Source material –
- Opening Delimiter -

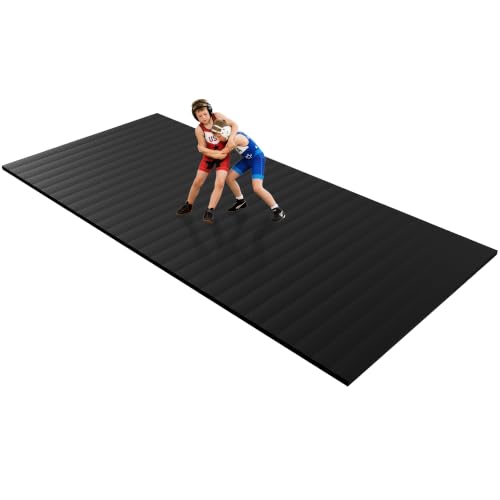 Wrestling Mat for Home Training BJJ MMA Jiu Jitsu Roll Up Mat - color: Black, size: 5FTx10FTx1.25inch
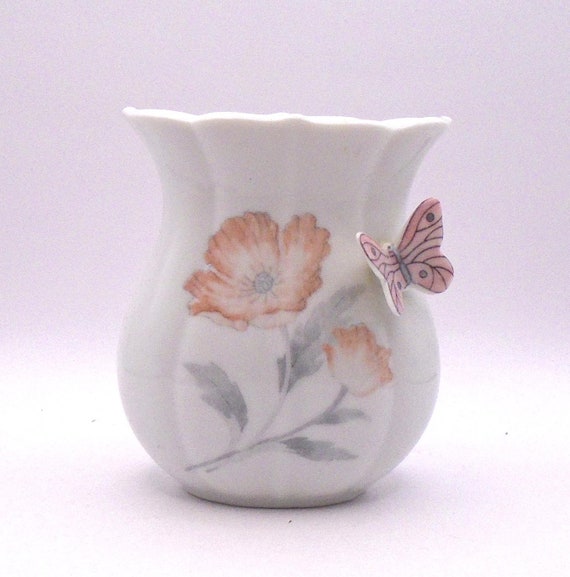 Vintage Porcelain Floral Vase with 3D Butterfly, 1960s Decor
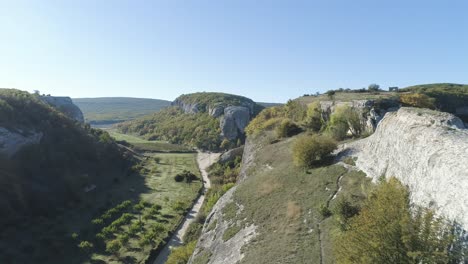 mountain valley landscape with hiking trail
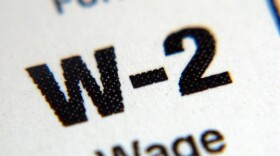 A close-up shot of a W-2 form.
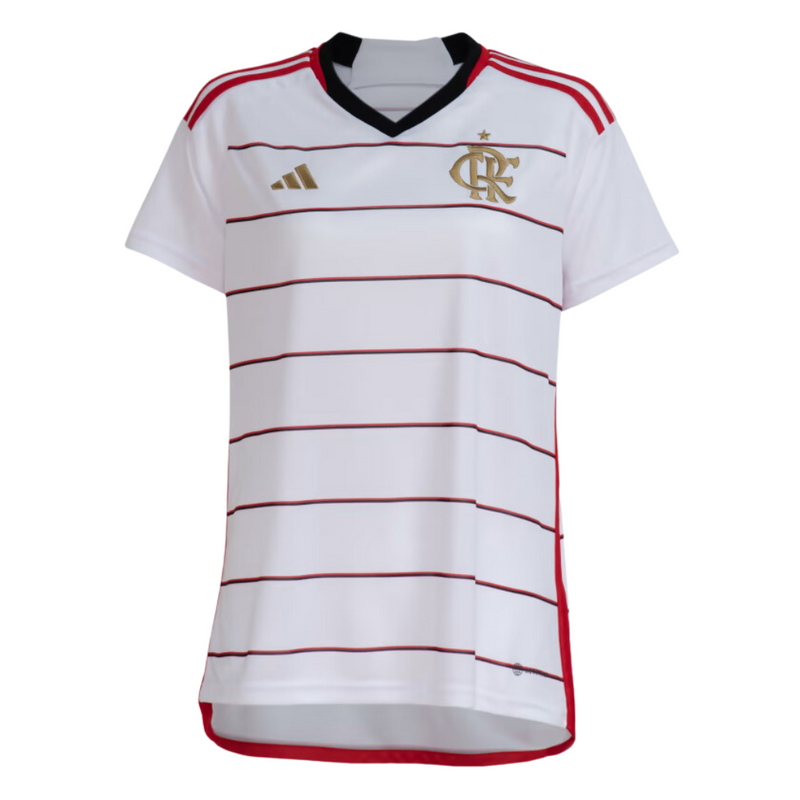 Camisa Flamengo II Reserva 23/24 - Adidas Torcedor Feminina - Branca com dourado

- Closing Delimiter -
- Opening Delimiter -

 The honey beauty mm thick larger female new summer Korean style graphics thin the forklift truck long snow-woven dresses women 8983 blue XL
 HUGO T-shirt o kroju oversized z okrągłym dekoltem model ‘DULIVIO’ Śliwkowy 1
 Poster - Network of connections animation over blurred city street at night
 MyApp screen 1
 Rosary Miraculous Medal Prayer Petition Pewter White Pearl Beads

- Closing Delimiter -
- Opening Delimiter -

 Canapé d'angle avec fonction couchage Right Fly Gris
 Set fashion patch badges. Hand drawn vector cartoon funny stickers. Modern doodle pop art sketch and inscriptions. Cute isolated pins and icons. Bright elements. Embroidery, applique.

- Closing Delimiter -

How to complete this task – Please, from the material above, copy only the lines from the line with "MyApp screen 1" up to and including the line with "Rosary Miraculous Medal", exactly as written.

Answer below –
 MyApp screen 1
 Rosary Miraculous Medal Prayer Petition Pewter White Pearl Beads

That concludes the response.